For a marriage that is so much easier and happier this Thanksgiving
than it was a year ago:
I give thanks.

For two casserole dishes of borscht in the refrigerator, and a huge pot of turkey juk,
so that I won't have to cook for days;

For Pastor T. who invited us to his Thanksgiving,
and for all the church friends there (especially the vibrant single people),
and for the scrumptious turkey and potatoes and carrots and even parsnip we ate;
for the turkey skin and bones and scraps of meat that T. did not want,
which I brought home and boiled into juk;

For the telephone that let me call my father and mother to ask for the juk recipe;
for my mother, for my father:
I give thanks.
* * *

I feel the abundance in my life today, and felt it yesterday, and will feel it tomorrow. The season is turning. It will be a strange season, but it is familiar this year. I remember the leaves changing last year, I remember the furnace we struggled to ignite. I remember learning to sleep in the same bed as O., how to regulate my body temperature so I wouldn't wake up drenched in sweat as I first did when I wore the warm pajamas I depended on during all the winters before. I remember Thanksgiving on the east coast, far from my old friends and the places I called home. Now I call this place home, too, though in my dreams I am always in California.

I remember, not so long ago, when I organized my own life without consulting anyone about my schedule. I remember feeling my life was my own. I remember watching my money carefully because there wasn't any coming in. That season has come back. Wednesday was O.'s last day of work and now we are living off of savings and my small income. Suddenly the money I bring in babysitting and working for the church really counts, and suddenly I feel so much more confident of my place in the household economy, more entitled to my opinion and my decisions. The season of confidence and independence is returning, and I am grateful (though I know something is off in my emotional logic).
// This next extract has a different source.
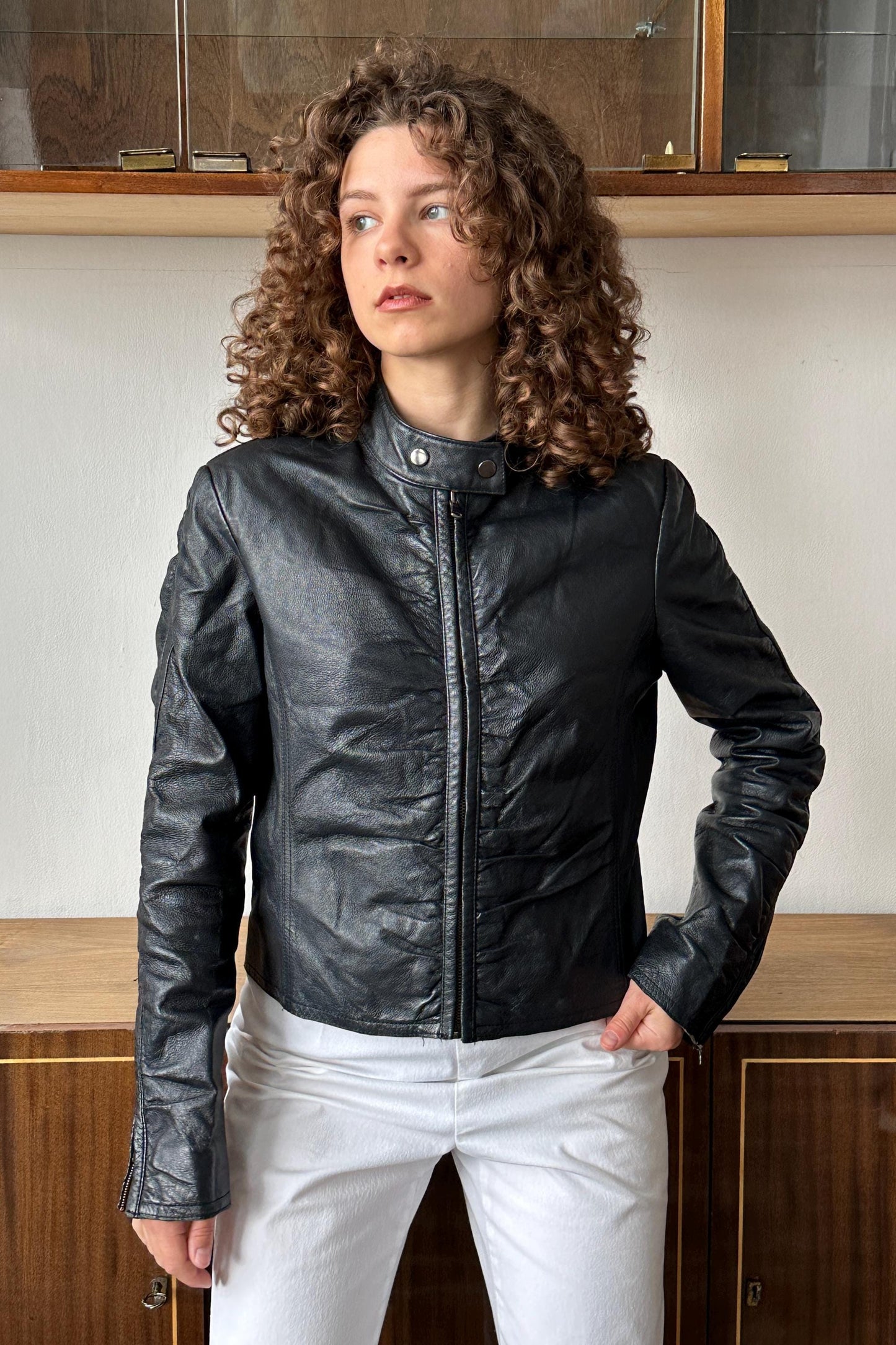 A woman with curly hair wearing a black leather jacket stands in front of a wooden cabinet.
Also I remember, not long ago at all, writing essays, emailing professors, impressing people. I remember understanding, teaching, explaining, leading. That season is coming back, too. I am writing my statement of purpose and remembering I've done lots of awesome things and I really am qualified, and I'm scanning and uploading my transcript and noticing with pleasure how monotonously perfect the grades are (marred only by one A-, the semester I started dating O.). I'm corresponding with my favorite professors and feeling their love. This is strange and it is familiar, and it is a promise of things to come. I do want to go to grad school. Learning is what I was made for.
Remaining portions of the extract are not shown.